Write an efficient algorithm to count all possible paths in a \( (m;n) \) matrix to move from the top left cell to the bottom right one. The only movements allowed are right and down. Time complexity should be \( O(mn) \).

Solution I

Trivial solution: backtracking in \( O(2^{max(m,n)}) \)

int uniquePaths(const int M, const int N) {
  function<int(int,int)> countPaths = [&](int start_x, int start_y) {
    if (start_x >= N || start_y >= M)
      return 0;
    if (start_x == N - 1 && start_y == M - 1)
      return 1;
    return countPaths(start_x + 1, start_y) + countPaths(start_x, start_y + 1);
  };
  return countPaths(0, 0);
}

While this solution proves to be extremely easy to implement, it is also extremely inefficient.

Solution II

Realizing that many subproblems are recomputed multiple times in the previous approach and that right/bottom deltas can be considered as valid path increments (optimal substructure), leads us to a better approach with dynamic programming

int uniquePaths(const int M, const int N) {
  vector<vector<int>> dp(M, vector<int>(N, 0));

  for(int i = 0; i < M; ++i)
    dp[i][0] = 1;
  for(int i = 0; i < N; ++i)
    dp[0][i] = 1;

  for(int i = 1; i < M; ++i) {
    for(int j = 1; j < N; ++j) {
      dp[i][j] = dp[i-1][j] + dp[i][j-1];
    }
  }

  return dp[M-1][N-1];
}

Complexity is \( O(mn) \).

Solution III

A third more complex but definitely more performant approach lies in the following observation. Let us consider the allowed paths that can reach a cell for a 3x3 matrix

\[\left[ \begin{array}{ccc} 0&1&1\\ 1&2&3\\ 1&3&6 \end{array} \right]\]

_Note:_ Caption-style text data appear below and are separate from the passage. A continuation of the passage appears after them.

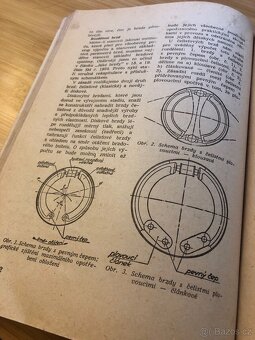 NSU Sportmax - motoristická současnost Spartak škoda 440 - 7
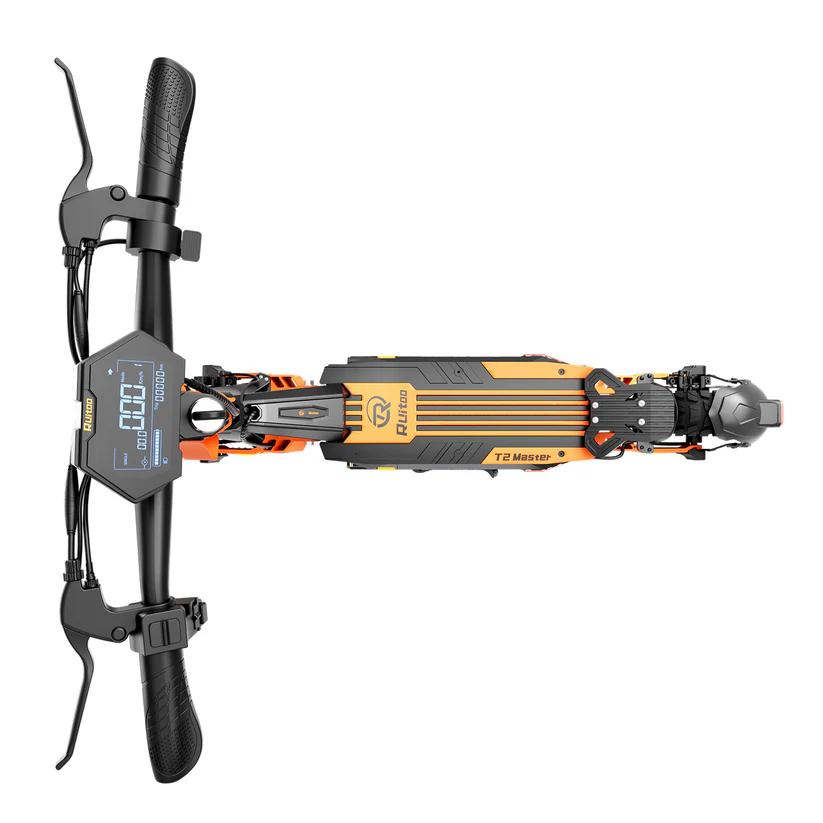 Ruitoo T2 Master Off-Road Electric Scooter with 52V 20.8AH Battery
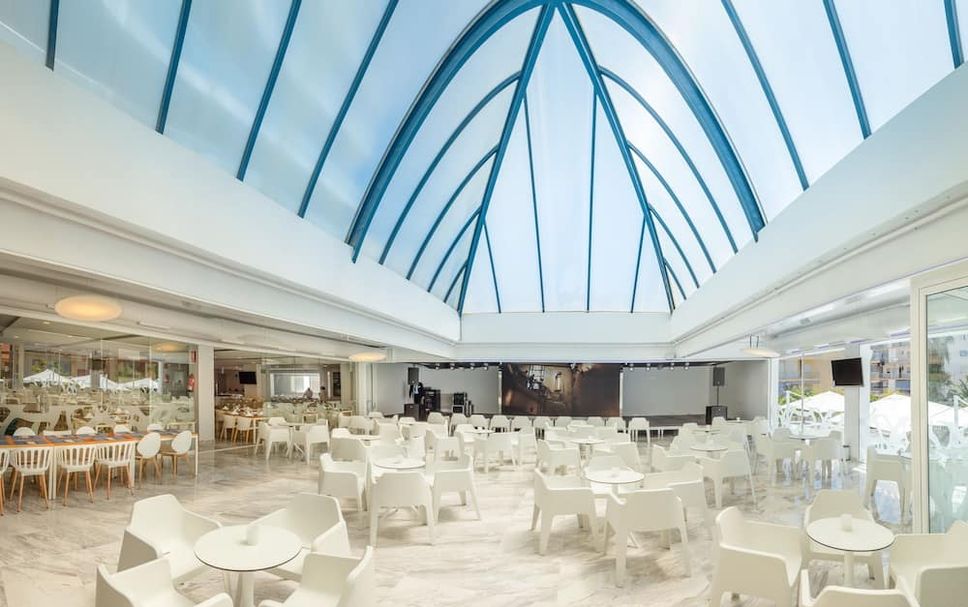 Banquet hall Photo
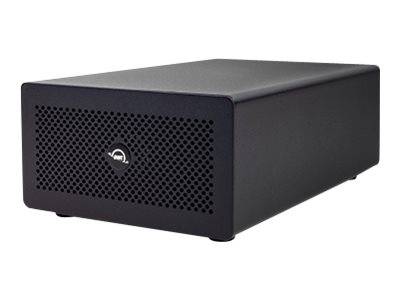 OWC Mercury Helios 3S - Systembus-Erweiterung - Thunderbolt 3 - DP - 150 Watt -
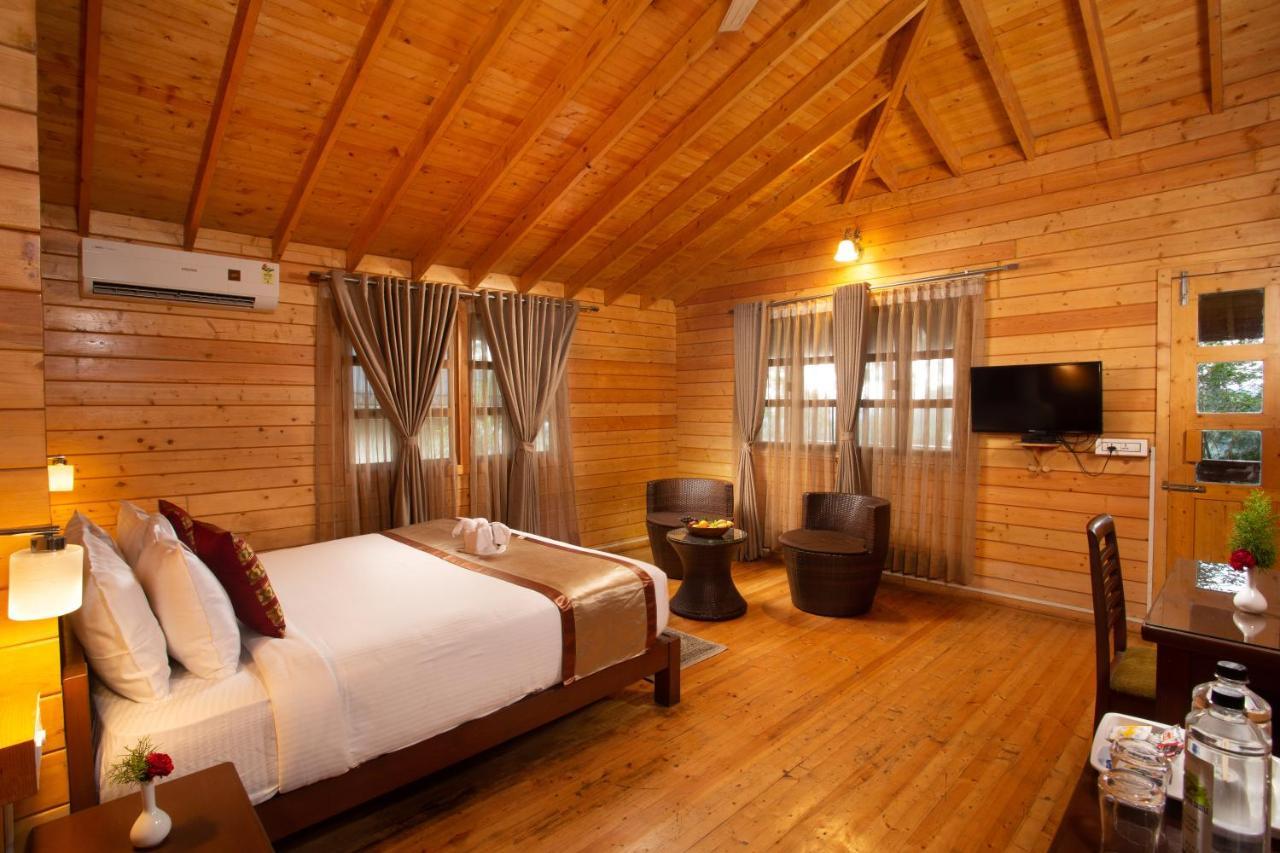The Porcupine Castle Resort Madikeri Dış mekan fotoğraf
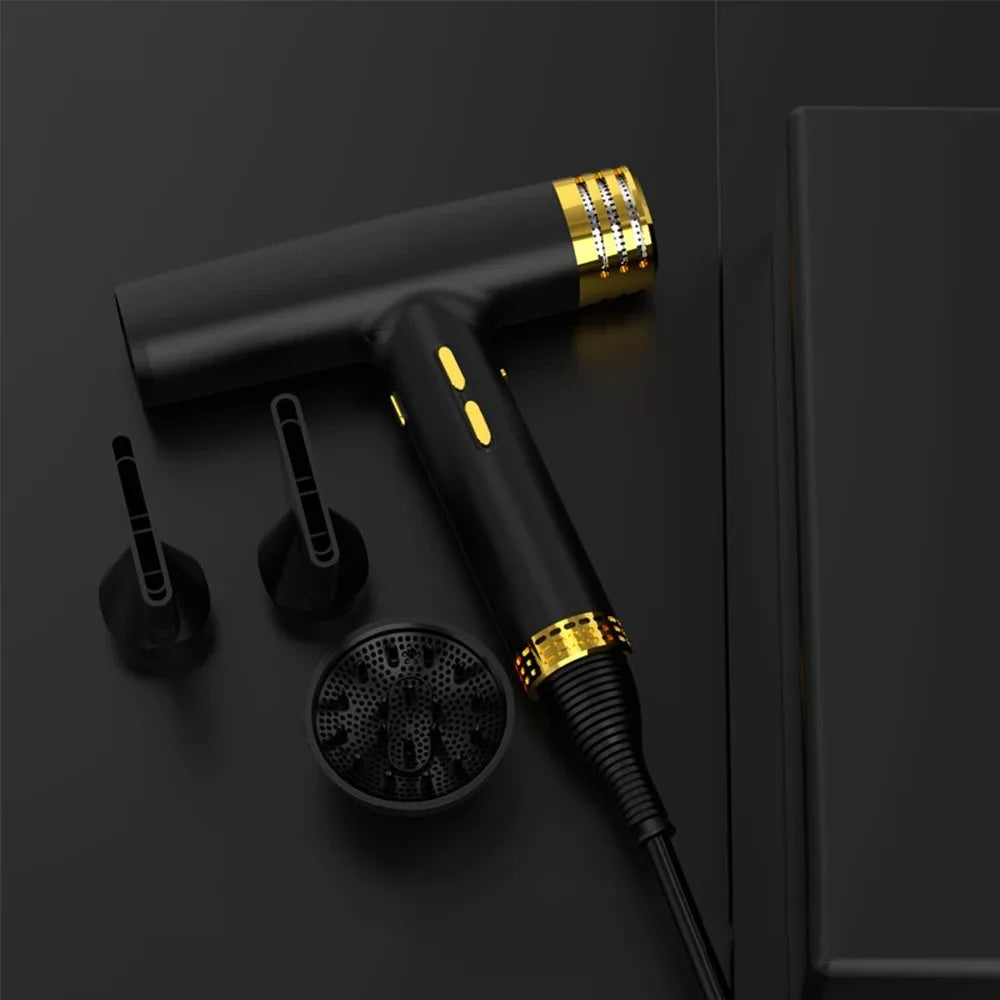 110000rpm Professional Hair Dryer Negative Ion Blow Dryer High Speed Blower Appliance Hair Care Styling Tools Salon/Barber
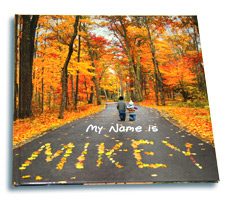 Texts and Tunes:  Frecklebox Personalized Books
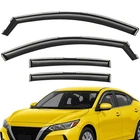 Sun Rain Visors Wind Guards For 2020-2025 Nissan Sentra New. Price: $58.99.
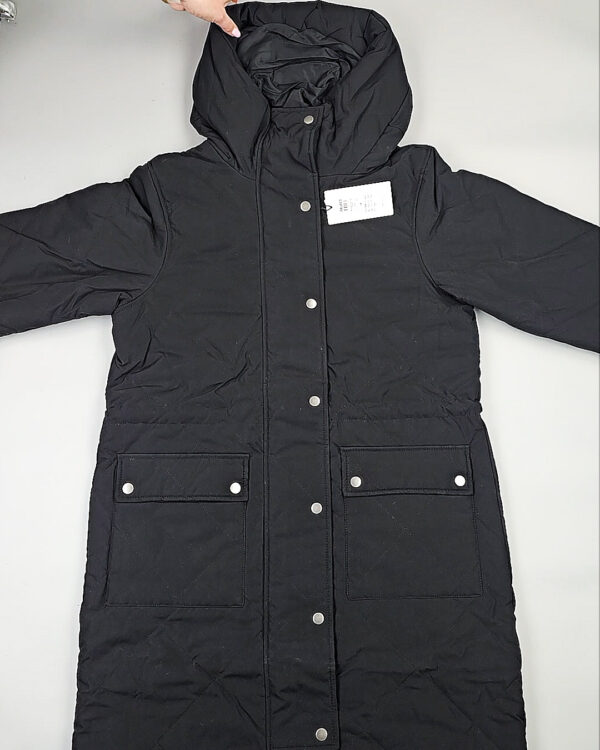 Фотография  653 - Куртки BESTSELLER зима 045#10 кг, ЛОТ СТ-9836 оптом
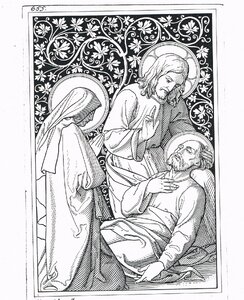 Death of St Joseph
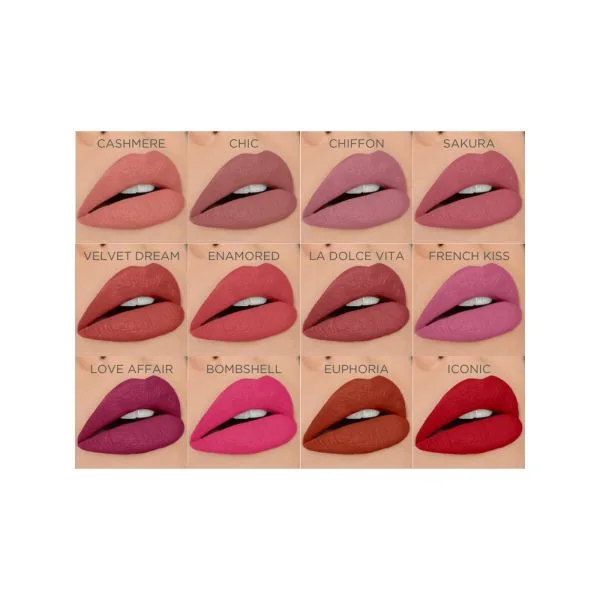 Lip Crème Hydrating Liquid Euphoria - Image 2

The diagonals formed by bottom and left deltas for the \( (m;n) \) element are the same values in the \( (m;n) = (n;k) \) row of Pascal’s triangle, therefore the following holds

\[{n \choose k} = {n-1 \choose k-1} + {n-1 \choose k}\]

for any non-negative integer \( n \) and any integer \( k \) between 0 and \( n \).

It can be trivially demonstrated that

\[{n \choose k} = {n \choose k-1} \frac{n-k+1}{k}\]

therefore a recursive relation holds for which the base conditions are the unit elements on the fringe

int uniquePaths(const int M, const int N) {
  if (M == 0 || N == 0)
    return 0;
  if (M == 1 || N == 1)
    return 1;

  int Nc = (M - 1) + (N - 1); // (*)

  int C = 1;
  for (int k = 0; k < N - 1; ++k)
    C = C * (Nc - k) / (k + 1); // (*)
  return C;
}

The parts marked with (*) require careful consideration to get the indices right (since we loop in the range \( [0;N-2] \) by skipping the first base case 1), and by considering that matrices for which holds \( m \neq n \) need the Nc = (M - 1) + (N - 1) row of the triangle and 2N (to get the last \( k \)), but since we’re interested in going halfway through the \( k \) arrangements reduces to N - 1.

Final complexity is \( O(max(n,m)) \) and due to the triangle symmetry it also works for \( m < n \).